◆ Exercise:
The lines you should transcribe are those from the one containing "핫 휠 자동차 트랙 세트, 레이서버스" to the end of the listing below, exactly, with pictures left out.

◆ Available data:

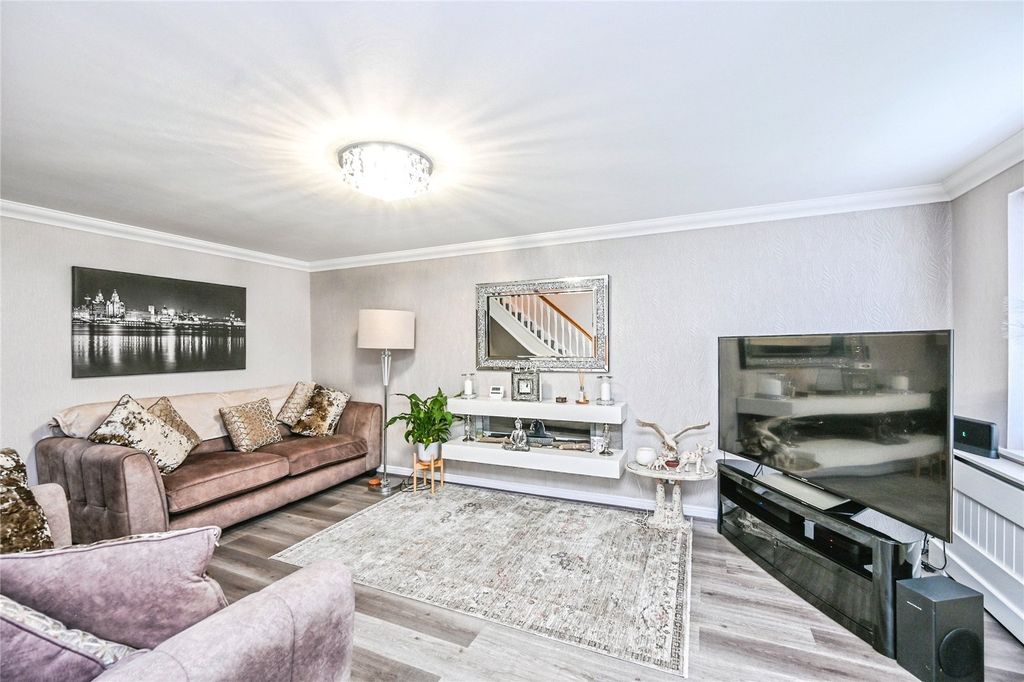 Property photo 3 of 22 Picture No. 04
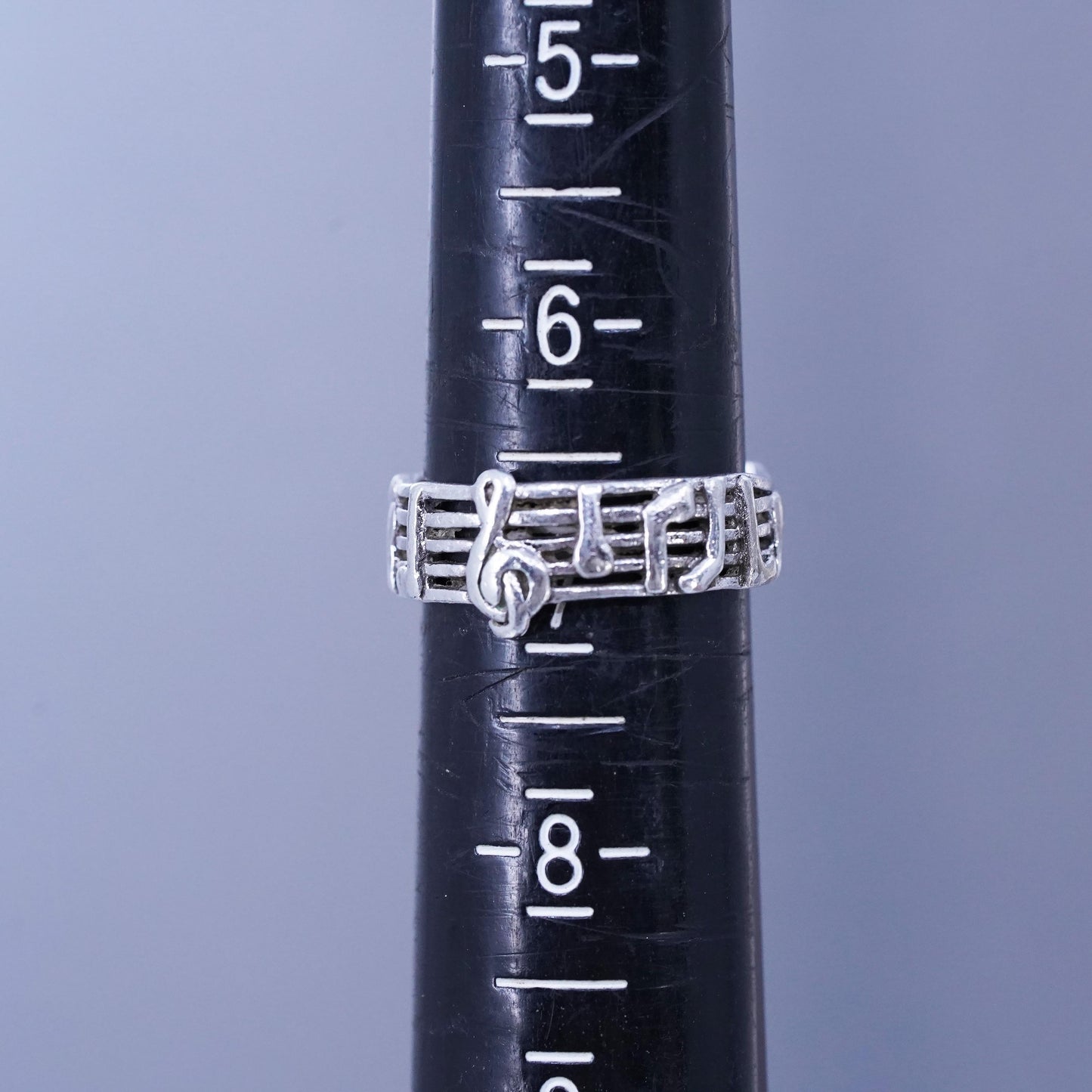 Size 6.5, vtg southwestern Sterling 925 silver handmade ring, music note band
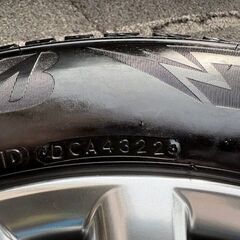 美品！バリ山スタッドレス 2022年製 トヨタ ハリアー純正の画像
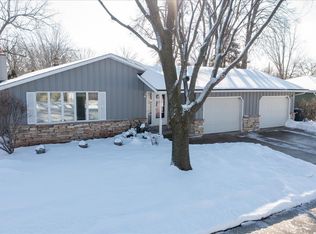 2200 Parkwood Dr, Kaukauna, WI 54130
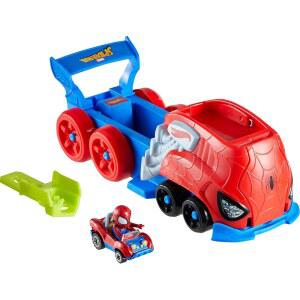 핫 휠 자동차 트랙 세트, 레이서버스 캐릭터 런처, 다이캐스트 자동차가 장착된 대형 차량 및 하울러 스타일은 다를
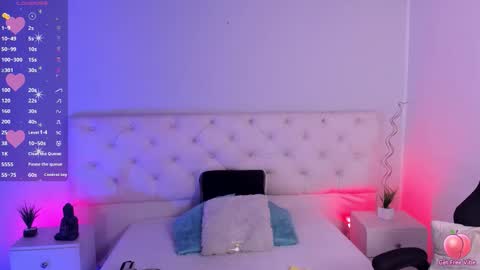 Aron cruz  online show from October 7, 1:19 pm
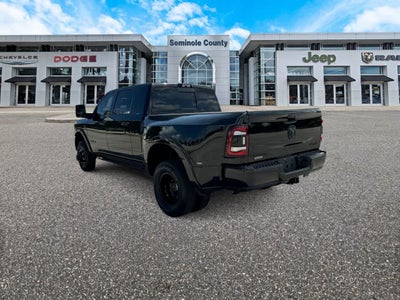 RAM 3500 Limited Mega Cab 4x4 de 2024 con caja de 6'4'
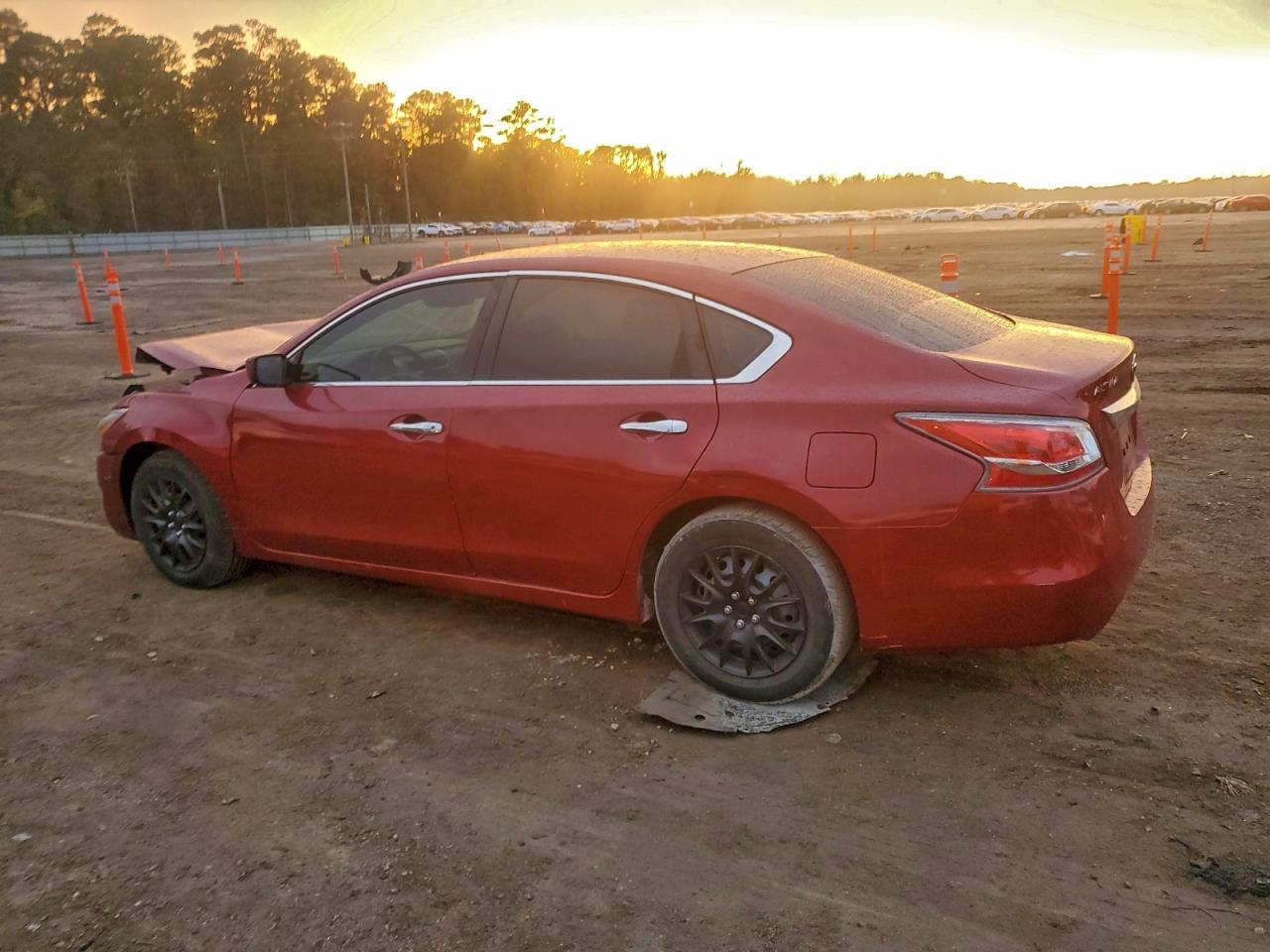 2015 Nissan Altima 2.5 Красный vin: 1N4AL3AP4FN302319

◆ Output:
 핫 휠 자동차 트랙 세트, 레이서버스 캐릭터 런처, 다이캐스트 자동차가 장착된 대형 차량 및 하울러 스타일은 다를
 Aron cruz  online show from October 7, 1:19 pm
 RAM 3500 Limited Mega Cab 4x4 de 2024 con caja de 6'4'
 2015 Nissan Altima 2.5 Красный vin: 1N4AL3AP4FN302319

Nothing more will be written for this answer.